After going in circles for a while and pondering whether to also mandate a definition in code if they kept the word in, they scrapped the definition idea and voted 10-5 to keep “maladministration” in the Constitution.

They then approved the resolution in a voice vote. The vote was unanimous, but not quite: No one said no, but not everyone said yes.

So, as it passed, the heart of the amendment focuses on the impeachment section of the state Constitution, which says, “The House of Delegates shall have the sole power of impeachment.  The Senate shall have the sole power to try impeachments. …”

In October, the acting state Supreme Court halted the impeachment process in West Virginia by concluding that legislators had overstepped their constitutional authority.
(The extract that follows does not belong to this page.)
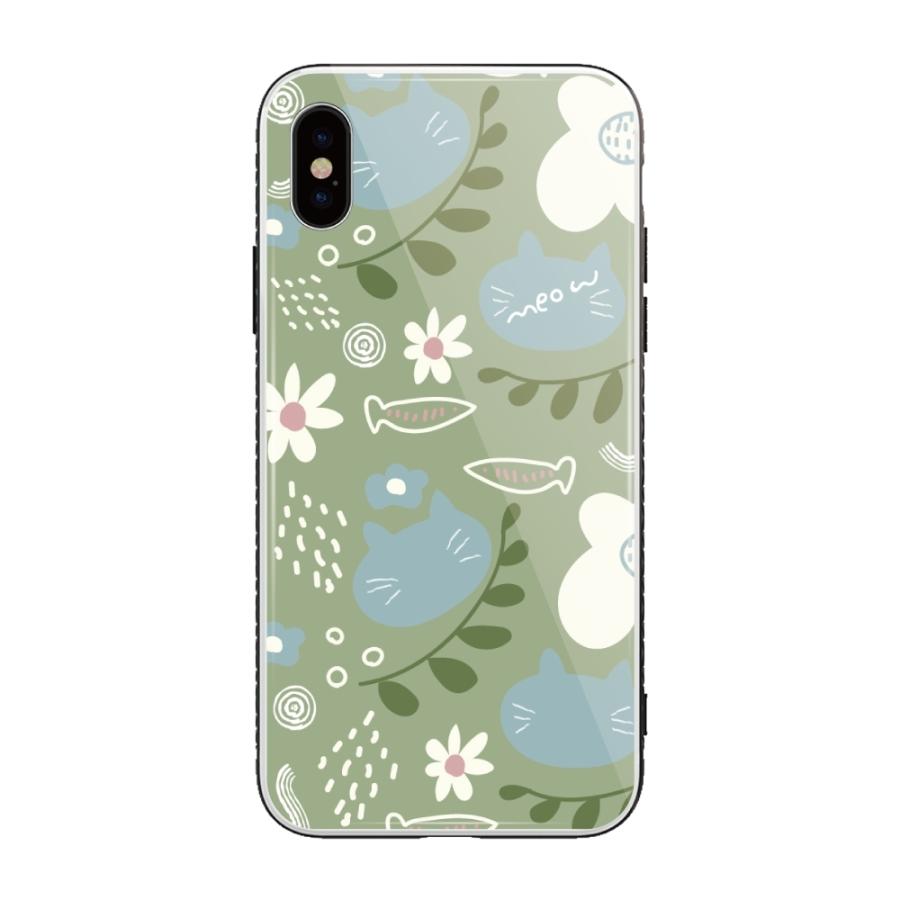 Iphone14 13 Mini Pro ケース スマホケース ガラスケース Iphone12 Iphone Se アイフォン 11 Tpu おしゃれ 猫 ネコ ねこ Cat キャット Meow 北欧風 Asgt 112 Amuse Store 通販 Yahoo ショッピング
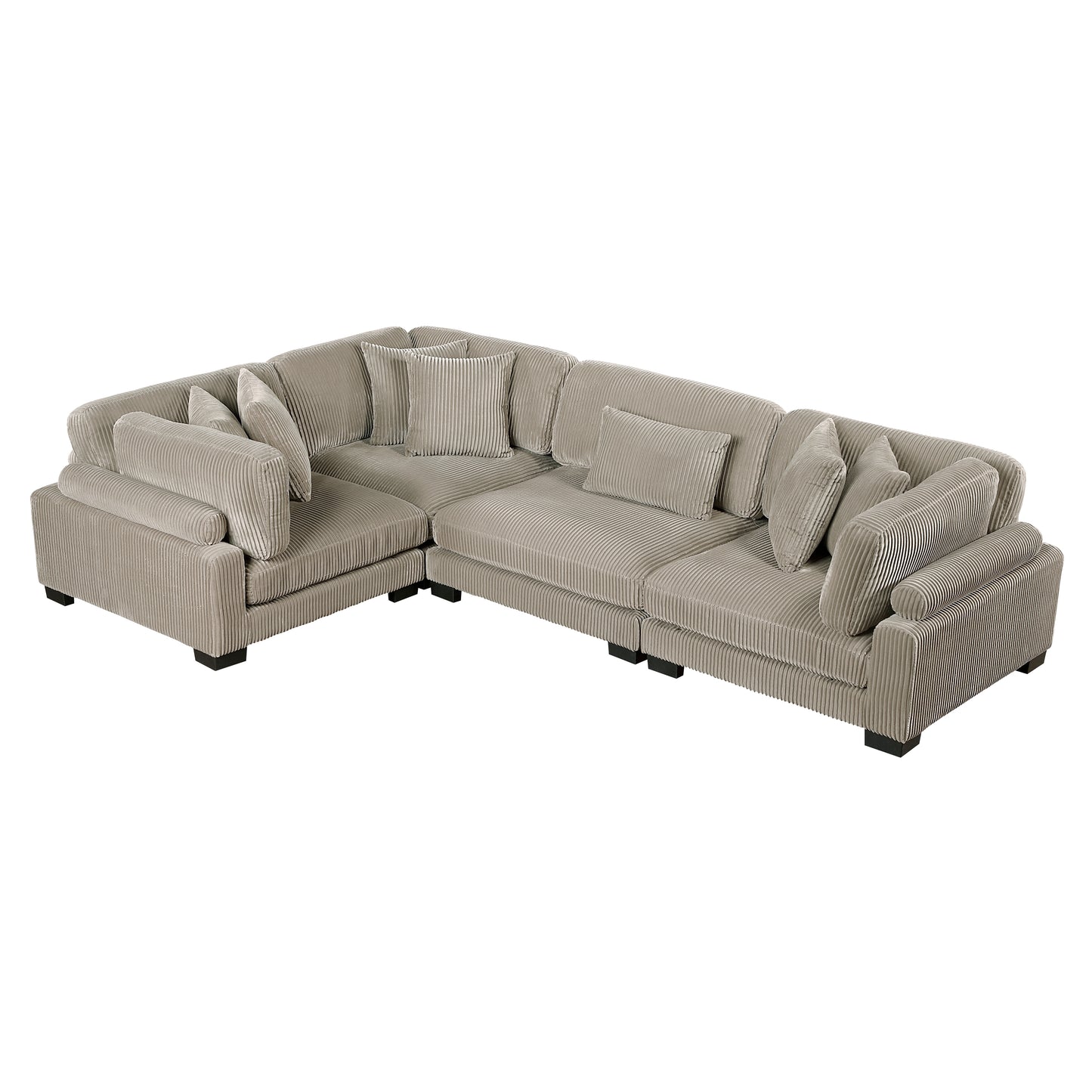8555GB*3CRAC - (4)4-Piece Modular Sectional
Acting justices concluded lawmakers had based impeachment on areas the state Constitution set aside as the responsibility of the judicial branch.

Just before the start of this legislative session, the House of Delegates filed a petition with the U.S. Supreme Court to review the acting court’s decision.

The filing claims the West Virginia Supreme Court violated the U.S. Constitution “as it elevates itself to a supreme branch of government with the authority to review the impeachment proceedings of the state Senate and the House of Delegates and restricts the rights of both chambers thereby eviscerating the checks and balances of state government and the separation of powers doctrine.”

The resolution also proposes to change the potential consequences for conviction. The Constitution now says, “Judgment in cases of impeachment shall not extend further than to removal from office, and disqualification to hold any office of honor, trust or profit, under the state.”

The amendment, if passed, would make removal from office and disqualification for future office two separate punishments required separate votes in the Senate.